[The task]
Below is some data. Retype exactly the lines starting at the one with "Léonie, la table basse en rotin n°874" and ending at the one with "Liquid Polygel No".

Scraped caption text data:

━━━━━━━━━━━━━━━━

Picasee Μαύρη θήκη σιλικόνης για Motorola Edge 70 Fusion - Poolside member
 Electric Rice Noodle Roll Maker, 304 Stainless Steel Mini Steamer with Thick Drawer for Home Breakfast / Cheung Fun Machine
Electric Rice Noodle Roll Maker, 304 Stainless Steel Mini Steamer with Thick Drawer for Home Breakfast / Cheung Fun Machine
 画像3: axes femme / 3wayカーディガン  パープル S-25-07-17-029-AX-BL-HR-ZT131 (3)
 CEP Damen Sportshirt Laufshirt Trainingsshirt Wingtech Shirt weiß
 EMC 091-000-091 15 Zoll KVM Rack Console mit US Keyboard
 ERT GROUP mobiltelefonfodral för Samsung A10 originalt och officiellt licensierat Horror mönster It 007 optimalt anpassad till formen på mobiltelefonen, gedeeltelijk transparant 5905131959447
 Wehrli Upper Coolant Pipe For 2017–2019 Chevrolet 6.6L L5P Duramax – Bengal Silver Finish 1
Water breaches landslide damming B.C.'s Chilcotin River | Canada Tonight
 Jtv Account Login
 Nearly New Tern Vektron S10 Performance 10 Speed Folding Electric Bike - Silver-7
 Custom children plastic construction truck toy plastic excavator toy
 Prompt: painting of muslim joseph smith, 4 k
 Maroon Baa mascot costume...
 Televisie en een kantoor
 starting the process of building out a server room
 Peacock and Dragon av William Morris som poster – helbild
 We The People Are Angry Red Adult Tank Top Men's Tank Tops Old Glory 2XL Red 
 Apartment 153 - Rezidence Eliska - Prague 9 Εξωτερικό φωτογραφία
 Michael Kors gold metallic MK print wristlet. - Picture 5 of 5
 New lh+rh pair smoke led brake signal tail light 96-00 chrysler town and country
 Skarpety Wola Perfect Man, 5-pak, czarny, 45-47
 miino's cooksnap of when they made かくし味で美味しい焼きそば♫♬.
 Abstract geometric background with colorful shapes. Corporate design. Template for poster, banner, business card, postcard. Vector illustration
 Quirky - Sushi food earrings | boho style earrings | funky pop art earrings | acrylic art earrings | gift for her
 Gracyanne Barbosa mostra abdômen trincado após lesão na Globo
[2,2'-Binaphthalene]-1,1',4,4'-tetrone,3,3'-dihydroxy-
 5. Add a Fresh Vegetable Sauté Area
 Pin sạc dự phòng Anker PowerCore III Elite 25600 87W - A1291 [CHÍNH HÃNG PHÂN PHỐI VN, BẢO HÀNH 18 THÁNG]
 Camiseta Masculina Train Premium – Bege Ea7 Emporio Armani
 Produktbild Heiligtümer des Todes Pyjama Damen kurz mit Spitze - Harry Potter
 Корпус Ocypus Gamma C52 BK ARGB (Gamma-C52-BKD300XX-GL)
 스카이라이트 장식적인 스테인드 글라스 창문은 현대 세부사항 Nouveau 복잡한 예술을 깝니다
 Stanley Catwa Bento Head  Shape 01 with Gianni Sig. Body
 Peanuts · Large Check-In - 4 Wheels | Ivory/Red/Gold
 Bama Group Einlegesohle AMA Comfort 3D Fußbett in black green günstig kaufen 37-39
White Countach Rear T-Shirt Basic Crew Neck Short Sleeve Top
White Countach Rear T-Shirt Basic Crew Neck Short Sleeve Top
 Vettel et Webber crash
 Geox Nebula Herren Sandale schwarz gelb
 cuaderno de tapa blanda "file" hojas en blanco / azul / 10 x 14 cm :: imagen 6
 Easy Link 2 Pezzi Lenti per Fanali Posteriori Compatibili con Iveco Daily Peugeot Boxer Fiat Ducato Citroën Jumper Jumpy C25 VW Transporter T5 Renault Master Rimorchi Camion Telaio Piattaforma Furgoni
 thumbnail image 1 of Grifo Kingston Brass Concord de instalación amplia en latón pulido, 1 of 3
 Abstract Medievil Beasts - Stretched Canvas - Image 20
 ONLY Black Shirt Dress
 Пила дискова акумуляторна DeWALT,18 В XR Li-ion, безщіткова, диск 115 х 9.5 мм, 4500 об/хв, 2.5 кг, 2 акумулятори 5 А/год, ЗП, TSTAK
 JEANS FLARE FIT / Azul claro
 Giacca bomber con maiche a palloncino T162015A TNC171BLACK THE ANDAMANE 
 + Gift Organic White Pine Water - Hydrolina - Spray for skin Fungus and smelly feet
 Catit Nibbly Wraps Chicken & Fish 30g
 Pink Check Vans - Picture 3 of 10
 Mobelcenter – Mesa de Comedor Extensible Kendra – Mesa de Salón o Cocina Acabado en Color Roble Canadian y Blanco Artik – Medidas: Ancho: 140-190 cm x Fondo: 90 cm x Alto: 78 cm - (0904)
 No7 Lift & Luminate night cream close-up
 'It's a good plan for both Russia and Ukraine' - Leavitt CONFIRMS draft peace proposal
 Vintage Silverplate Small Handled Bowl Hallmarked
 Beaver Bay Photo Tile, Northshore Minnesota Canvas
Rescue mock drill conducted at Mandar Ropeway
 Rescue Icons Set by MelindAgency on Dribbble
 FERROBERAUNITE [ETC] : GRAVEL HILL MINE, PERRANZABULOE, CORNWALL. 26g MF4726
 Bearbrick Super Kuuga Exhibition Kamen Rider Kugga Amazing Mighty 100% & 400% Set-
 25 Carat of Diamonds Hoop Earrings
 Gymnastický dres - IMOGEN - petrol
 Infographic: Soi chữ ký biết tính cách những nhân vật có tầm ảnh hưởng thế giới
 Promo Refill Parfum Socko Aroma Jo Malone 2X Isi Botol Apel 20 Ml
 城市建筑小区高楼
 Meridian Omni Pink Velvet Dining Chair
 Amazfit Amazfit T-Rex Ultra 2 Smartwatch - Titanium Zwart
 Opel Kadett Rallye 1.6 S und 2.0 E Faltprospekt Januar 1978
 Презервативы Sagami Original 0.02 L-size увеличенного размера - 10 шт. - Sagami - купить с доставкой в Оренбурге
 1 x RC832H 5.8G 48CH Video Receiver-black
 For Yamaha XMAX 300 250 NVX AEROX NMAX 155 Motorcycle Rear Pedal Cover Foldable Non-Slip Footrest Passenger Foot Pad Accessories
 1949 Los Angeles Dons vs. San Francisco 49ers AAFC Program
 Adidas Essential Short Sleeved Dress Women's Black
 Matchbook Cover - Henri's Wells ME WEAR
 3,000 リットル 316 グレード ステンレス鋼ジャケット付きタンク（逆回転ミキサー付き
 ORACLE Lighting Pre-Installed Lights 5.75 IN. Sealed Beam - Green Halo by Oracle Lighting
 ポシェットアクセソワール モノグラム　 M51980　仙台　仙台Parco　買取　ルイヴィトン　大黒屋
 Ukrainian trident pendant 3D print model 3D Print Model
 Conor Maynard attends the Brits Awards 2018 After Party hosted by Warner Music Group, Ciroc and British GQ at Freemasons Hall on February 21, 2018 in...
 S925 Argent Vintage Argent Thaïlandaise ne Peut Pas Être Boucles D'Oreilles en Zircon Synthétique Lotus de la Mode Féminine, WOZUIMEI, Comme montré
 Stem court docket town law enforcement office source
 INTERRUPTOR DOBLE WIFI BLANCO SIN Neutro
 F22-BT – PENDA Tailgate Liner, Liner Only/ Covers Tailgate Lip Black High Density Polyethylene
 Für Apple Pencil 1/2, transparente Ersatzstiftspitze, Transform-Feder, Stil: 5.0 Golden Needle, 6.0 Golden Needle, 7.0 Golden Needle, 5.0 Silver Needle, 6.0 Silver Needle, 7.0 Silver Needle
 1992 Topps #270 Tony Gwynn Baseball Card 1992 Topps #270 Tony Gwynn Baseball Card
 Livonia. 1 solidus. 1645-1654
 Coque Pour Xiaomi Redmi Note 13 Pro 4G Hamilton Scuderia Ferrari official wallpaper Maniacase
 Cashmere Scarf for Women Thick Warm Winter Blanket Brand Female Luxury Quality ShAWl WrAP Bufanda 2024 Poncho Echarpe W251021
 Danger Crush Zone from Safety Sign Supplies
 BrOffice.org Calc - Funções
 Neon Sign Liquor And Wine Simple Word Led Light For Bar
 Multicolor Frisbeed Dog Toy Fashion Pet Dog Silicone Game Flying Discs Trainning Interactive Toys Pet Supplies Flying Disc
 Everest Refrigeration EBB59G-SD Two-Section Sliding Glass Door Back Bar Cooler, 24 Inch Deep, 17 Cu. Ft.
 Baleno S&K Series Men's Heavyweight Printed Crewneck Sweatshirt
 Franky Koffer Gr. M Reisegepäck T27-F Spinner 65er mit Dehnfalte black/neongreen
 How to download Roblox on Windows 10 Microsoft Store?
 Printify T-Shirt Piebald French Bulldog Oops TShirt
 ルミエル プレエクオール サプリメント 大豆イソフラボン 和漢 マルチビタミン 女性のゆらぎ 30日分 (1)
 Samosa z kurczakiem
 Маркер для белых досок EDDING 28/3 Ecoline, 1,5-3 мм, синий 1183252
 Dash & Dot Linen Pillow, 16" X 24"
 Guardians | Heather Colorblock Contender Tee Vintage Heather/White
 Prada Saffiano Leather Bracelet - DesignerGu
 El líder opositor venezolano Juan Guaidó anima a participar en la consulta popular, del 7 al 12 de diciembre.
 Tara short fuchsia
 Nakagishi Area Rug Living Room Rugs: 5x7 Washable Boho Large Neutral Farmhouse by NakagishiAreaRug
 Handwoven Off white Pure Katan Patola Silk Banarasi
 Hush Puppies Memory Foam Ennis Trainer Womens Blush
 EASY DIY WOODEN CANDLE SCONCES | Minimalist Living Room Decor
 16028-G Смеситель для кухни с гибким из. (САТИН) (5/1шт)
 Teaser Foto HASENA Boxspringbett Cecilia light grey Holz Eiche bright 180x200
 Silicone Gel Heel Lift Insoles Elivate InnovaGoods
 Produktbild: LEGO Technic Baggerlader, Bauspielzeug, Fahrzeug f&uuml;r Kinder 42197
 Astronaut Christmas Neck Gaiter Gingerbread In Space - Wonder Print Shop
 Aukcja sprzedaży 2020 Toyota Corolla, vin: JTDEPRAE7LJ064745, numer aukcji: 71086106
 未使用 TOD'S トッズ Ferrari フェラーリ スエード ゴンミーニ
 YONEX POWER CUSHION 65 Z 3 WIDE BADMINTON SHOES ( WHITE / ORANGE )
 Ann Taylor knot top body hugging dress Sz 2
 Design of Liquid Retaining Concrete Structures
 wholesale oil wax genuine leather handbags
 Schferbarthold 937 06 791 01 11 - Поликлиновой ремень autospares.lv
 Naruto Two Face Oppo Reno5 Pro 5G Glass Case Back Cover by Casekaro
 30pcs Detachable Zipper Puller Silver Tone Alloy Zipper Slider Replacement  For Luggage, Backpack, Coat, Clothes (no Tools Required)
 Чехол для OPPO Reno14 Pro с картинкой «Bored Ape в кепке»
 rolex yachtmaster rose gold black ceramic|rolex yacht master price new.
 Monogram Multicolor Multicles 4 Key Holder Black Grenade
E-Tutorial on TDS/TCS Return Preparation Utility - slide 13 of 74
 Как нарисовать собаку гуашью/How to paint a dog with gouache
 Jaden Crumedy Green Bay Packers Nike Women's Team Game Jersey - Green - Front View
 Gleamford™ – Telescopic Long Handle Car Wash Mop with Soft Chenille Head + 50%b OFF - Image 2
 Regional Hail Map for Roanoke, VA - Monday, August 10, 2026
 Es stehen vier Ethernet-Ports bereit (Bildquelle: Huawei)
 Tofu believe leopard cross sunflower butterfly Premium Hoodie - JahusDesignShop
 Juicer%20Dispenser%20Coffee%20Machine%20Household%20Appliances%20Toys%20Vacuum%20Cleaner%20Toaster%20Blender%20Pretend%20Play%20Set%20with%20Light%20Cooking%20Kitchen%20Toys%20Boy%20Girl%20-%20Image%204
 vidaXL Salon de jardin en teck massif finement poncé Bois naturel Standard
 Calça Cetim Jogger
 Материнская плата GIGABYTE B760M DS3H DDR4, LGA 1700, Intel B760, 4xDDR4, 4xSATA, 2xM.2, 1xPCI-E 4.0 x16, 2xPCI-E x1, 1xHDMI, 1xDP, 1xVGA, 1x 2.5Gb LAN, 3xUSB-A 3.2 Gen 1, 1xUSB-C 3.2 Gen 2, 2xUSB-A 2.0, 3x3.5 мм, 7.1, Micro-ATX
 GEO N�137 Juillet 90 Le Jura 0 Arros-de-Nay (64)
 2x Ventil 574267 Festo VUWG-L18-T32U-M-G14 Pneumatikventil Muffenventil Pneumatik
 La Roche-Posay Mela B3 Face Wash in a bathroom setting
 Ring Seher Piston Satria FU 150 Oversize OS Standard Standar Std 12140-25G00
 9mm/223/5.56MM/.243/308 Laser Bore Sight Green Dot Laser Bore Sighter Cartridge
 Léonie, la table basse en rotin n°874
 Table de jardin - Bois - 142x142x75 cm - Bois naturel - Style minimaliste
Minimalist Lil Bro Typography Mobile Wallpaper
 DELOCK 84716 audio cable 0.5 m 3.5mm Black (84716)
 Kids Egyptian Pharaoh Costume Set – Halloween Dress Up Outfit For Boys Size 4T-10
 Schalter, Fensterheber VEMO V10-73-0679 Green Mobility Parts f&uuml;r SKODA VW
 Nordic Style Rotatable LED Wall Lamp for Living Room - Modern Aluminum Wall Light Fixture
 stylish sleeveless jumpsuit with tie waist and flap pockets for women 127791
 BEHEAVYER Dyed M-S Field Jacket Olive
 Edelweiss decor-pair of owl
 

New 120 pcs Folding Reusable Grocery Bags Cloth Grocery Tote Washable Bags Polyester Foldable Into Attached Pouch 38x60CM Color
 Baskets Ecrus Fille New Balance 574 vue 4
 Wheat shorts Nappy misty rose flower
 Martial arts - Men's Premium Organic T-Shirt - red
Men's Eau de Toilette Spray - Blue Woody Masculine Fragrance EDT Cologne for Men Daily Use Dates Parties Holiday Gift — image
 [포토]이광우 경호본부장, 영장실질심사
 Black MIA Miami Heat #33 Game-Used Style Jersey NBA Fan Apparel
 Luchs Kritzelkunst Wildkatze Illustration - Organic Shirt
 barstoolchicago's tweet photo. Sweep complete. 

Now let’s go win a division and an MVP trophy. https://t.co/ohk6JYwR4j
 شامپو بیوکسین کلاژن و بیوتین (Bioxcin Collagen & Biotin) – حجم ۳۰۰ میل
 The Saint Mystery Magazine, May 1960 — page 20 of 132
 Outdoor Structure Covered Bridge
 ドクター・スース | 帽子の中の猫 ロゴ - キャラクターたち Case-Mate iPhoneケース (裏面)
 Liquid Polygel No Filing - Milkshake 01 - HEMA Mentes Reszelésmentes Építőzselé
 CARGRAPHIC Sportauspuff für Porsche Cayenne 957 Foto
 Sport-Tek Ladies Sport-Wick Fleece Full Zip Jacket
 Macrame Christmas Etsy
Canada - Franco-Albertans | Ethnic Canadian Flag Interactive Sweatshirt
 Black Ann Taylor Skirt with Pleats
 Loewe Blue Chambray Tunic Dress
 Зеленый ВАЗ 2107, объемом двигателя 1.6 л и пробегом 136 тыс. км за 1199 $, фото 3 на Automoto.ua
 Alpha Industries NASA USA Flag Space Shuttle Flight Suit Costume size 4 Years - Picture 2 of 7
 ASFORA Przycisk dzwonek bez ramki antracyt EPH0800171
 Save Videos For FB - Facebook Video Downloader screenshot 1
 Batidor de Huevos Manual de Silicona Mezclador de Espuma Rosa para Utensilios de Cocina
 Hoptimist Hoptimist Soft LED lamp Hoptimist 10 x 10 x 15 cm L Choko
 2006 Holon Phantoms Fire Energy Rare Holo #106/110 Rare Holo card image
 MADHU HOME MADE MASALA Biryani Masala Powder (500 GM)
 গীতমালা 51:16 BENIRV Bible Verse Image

━━━━━━━━━━━━━━━━

[Answer for the task]
 Léonie, la table basse en rotin n°874
 Table de jardin - Bois - 142x142x75 cm - Bois naturel - Style minimaliste
Minimalist Lil Bro Typography Mobile Wallpaper
 DELOCK 84716 audio cable 0.5 m 3.5mm Black (84716)
 Kids Egyptian Pharaoh Costume Set – Halloween Dress Up Outfit For Boys Size 4T-10
 Schalter, Fensterheber VEMO V10-73-0679 Green Mobility Parts f&uuml;r SKODA VW
 Nordic Style Rotatable LED Wall Lamp for Living Room - Modern Aluminum Wall Light Fixture
 stylish sleeveless jumpsuit with tie waist and flap pockets for women 127791
 BEHEAVYER Dyed M-S Field Jacket Olive
 Edelweiss decor-pair of owl
 

New 120 pcs Folding Reusable Grocery Bags Cloth Grocery Tote Washable Bags Polyester Foldable Into Attached Pouch 38x60CM Color
 Baskets Ecrus Fille New Balance 574 vue 4
 Wheat shorts Nappy misty rose flower
 Martial arts - Men's Premium Organic T-Shirt - red
Men's Eau de Toilette Spray - Blue Woody Masculine Fragrance EDT Cologne for Men Daily Use Dates Parties Holiday Gift — image
 [포토]이광우 경호본부장, 영장실질심사
 Black MIA Miami Heat #33 Game-Used Style Jersey NBA Fan Apparel
 Luchs Kritzelkunst Wildkatze Illustration - Organic Shirt
 barstoolchicago's tweet photo. Sweep complete. 

Now let’s go win a division and an MVP trophy. https://t.co/ohk6JYwR4j
 شامپو بیوکسین کلاژن و بیوتین (Bioxcin Collagen & Biotin) – حجم ۳۰۰ میل
 The Saint Mystery Magazine, May 1960 — page 20 of 132
 Outdoor Structure Covered Bridge
 ドクター・スース | 帽子の中の猫 ロゴ - キャラクターたち Case-Mate iPhoneケース (裏面)
 Liquid Polygel No Filing - Milkshake 01 - HEMA Mentes Reszelésmentes Építőzselé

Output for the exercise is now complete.